EL SANTO TRIDUO PASCUAL. Parte 1.

«Es preciso que observemos no sólo el día de la pasión, sino también el de la resurrección. En esto consiste el Triduo sacro, en el que Cristo padece, reposa en el sepulcro y resucita»
(SAN AMBROSIO, Ep. 23,12-13)

LLEGAMOS A LOS DÍAS MÁS IMPORTANTES DEL AÑO LITÚRGICO, LOS QUE NOS TRAEN EL RECUERDO DEL MISTERIO PASCUAL DE LA BIENAVENTURADA PASIÓN, MUERTE Y RESURRECCIÓN DE CRISTO.
Por este misterio, «con su muerte destruyó nuestra muerte y con su resurrección restauró nuestra vida» (pref pasc. I).
Estos días son considerados justamente como la culminación de todo el año dedicado a conmemorar y a actualizar la obra de la redención de los hombres y de la perfecta glorificación de Dios.
La preeminencia que el domingo tiene en la semana, la tiene el santo Triduo pascual en el año litúrgico (cf. NUALC 18).
 Al iniciar el estudio y la reflexión sobre la liturgia del Triduo pascual, recordamos  el puesto central que ocupa el misterio pascual en la celebración de los acontecimientos de la vida histórica de Jesús en el curso del año Litúrgico.
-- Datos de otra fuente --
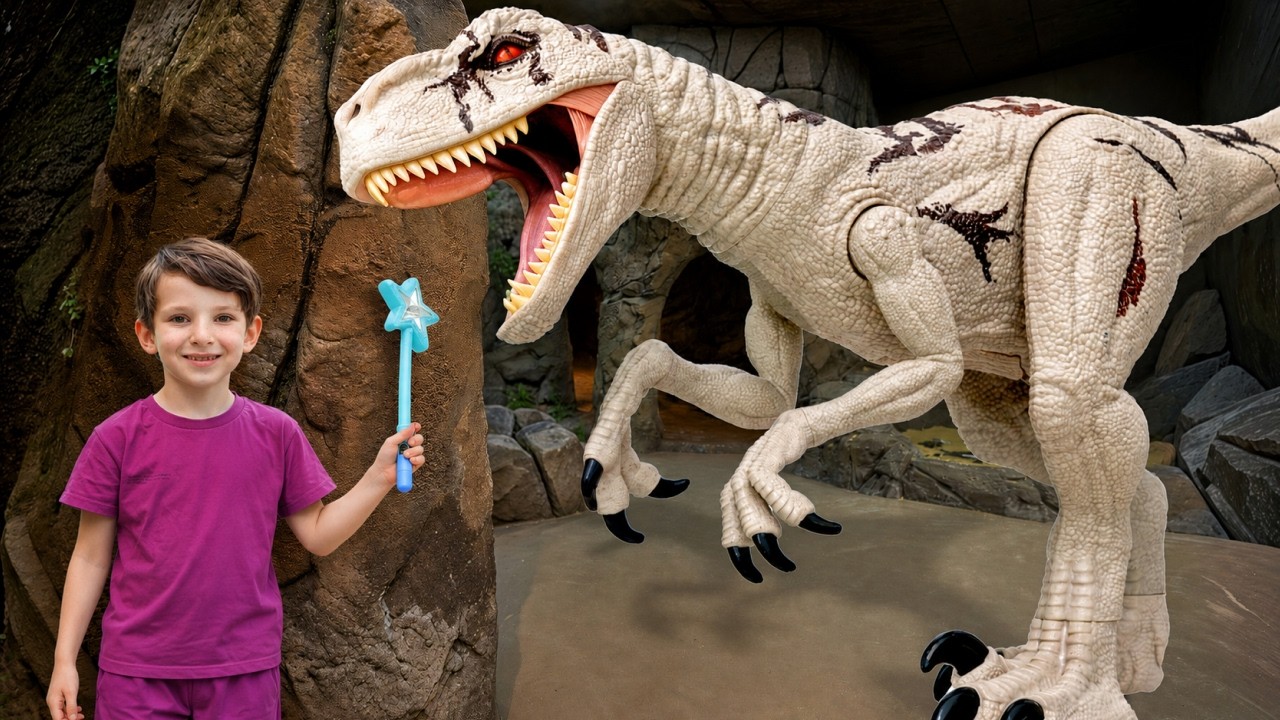 Where Did the Dinosaurs Go? Kids Search for Dino Toys and Learn Amazing Facts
Recordamos del paso de la antigua Pascua a la nueva, recogiendo algunos testimonios, los más remotos que poseemos, acerca de la celebración pascual de los primeros siglos de la era cristiana. Sin duda que los datos más interesantes son los que hacen referencia ala famosa controversia del Siglo II.
Al hablar de la historia del Triduo pascual, debemos partir de esa época, de la que sabemos con certeza que hay ya un día que tiene el carácter de celebración anual de la Pascua del Señor.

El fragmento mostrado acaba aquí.